Mitch Stevison, vice president of Raytheon missile systems, described it as the difference between looking through a soda straw and using full peripheral vision.
“You have one picture and then you start looking at object, object, object, picking out the objects, and then correlating the objects to say, ‘not a threat, threat, potential threat, not a threat.’ Then you make decisions on what to do with that much more efficiently than you could with the old systems,” said Stevison. “Certainly the advancing [computer] capabilities gives us the ability to process more data...The advanced processing and advanced algorithms, with the advanced discrimination capabilities, all of those things put together gives us a confidence.”
In February, the Pentagon announced that the newest version of the missile, the SM-3 IIA, had launched from a warship off Hawaii and intercepted a target in the exoatmosphere. Combined with THAAD, the U.S. now had a defense against intermediate-range missiles at multiple altitudes.

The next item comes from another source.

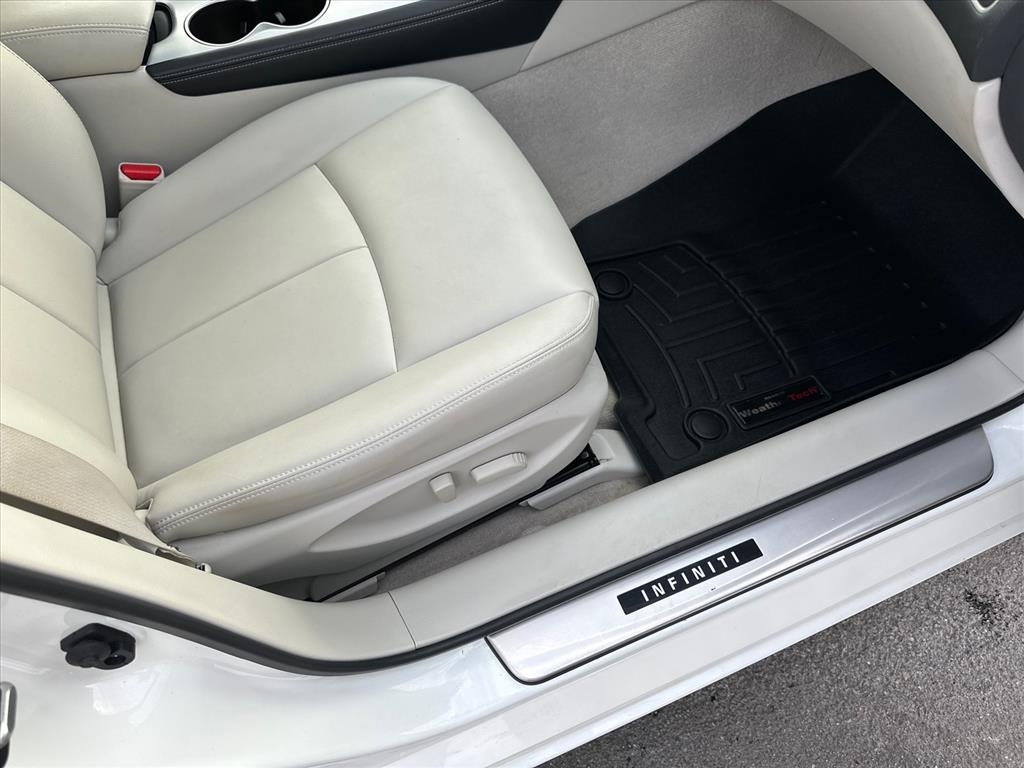 Infiniti Q50 3.0t LUXE AWD 2019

In theory, that sort of deterrent should convince North Korea to stop its missile tests. Since North Korean test missiles can be destroyed well above the Earth’s atmosphere, why waste money on them?
Its potential effects on Pyongyang notwithstanding, the new weapon is unlikely to calm international fears, according to other experts.
“Everybody's going to complain that that's a bad thing to do,” said RAND analyst Bruce Bennett, regarding shooting down North Korean test missiles with Aegis warships. “It is aggressive. It is risky. But these missile launches have been sanctioned by multiple UN Security Council resolutions. They're illegal.”
Physicist and arms control watcher Mark Gubrud said SM-3-equipped warships would not be welcomed by China or Russia.
“Deployment of more Aegis systems to this area is a major irritant to both China and Russia, which see these systems as building toward a future capability that could threaten their ability to respond to a US first strike,” Gubrud said. “One can argue that it is better to have some chance of stopping a nuclear missile than none. But this must be balanced against the risk that pursuing an arms race makes the eventual launch of that missile more likely. With or without missile defense, we are stuck with the same need to avoid a major war which could lead to nuclear weapons use.”
For evidence of that, look to Poland. In the wake of its successful tests, the Aegis/SM-3 system will proliferate to land-based Aegis launchers in Europe, part of an expanded missile defense agenda championed by the Obama Administration. “All of these milestones were riding on the success of this test,” said Stevison.
Adversaries aren’t likely to stop innovating simply because the U.S. has a new missile. In the future, “it is also possible for North Korea to add countermeasures that would drastically reduce the system's effectiveness,” Gubrud said.
The Pentagon is already worried about how North Korea and other actors might adapt to the new development by fitting future missiles with multiple heads, or decoys, that diverge after launch. The military is eyeing the development of new so-called multi-object kill vehicles in response. “I'm really careful about talking about threats because those immediately go into areas that we can't really talk about,” said Stevison. “I would characterize it like this. The pace that we see the potential adversaries testing should tell us something.”
Today’s THAAD is tomorrow’s SM-3 IIA, which shall beget more sons and daughters not yet fully conceived. The lesson, if there is one: technology does not end arms races. Unaccompanied by policy, it is merely an accelerant.